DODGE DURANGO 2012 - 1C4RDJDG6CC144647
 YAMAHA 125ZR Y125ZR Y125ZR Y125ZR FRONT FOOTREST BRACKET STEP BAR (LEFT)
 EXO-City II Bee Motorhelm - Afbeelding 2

==

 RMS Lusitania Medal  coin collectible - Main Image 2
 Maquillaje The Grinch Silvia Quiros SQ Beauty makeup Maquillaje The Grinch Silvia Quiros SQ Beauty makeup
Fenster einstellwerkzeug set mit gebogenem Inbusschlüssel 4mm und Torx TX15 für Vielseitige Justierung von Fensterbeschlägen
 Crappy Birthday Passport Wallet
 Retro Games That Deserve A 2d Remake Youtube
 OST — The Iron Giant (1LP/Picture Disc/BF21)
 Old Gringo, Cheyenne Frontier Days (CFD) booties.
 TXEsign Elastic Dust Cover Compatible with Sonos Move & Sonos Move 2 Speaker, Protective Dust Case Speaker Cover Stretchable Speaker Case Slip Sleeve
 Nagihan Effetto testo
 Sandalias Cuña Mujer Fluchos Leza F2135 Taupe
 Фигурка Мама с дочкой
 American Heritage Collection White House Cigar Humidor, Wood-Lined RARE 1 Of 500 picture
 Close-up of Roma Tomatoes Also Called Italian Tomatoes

...

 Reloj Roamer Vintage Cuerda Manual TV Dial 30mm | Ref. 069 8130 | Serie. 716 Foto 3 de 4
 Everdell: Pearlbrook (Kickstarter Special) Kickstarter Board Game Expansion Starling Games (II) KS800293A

__Work item__
Report the lines above that contain "Games".

__Answer__
 Retro Games That Deserve A 2d Remake Youtube
 Everdell: Pearlbrook (Kickstarter Special) Kickstarter Board Game Expansion Starling Games (II) KS800293A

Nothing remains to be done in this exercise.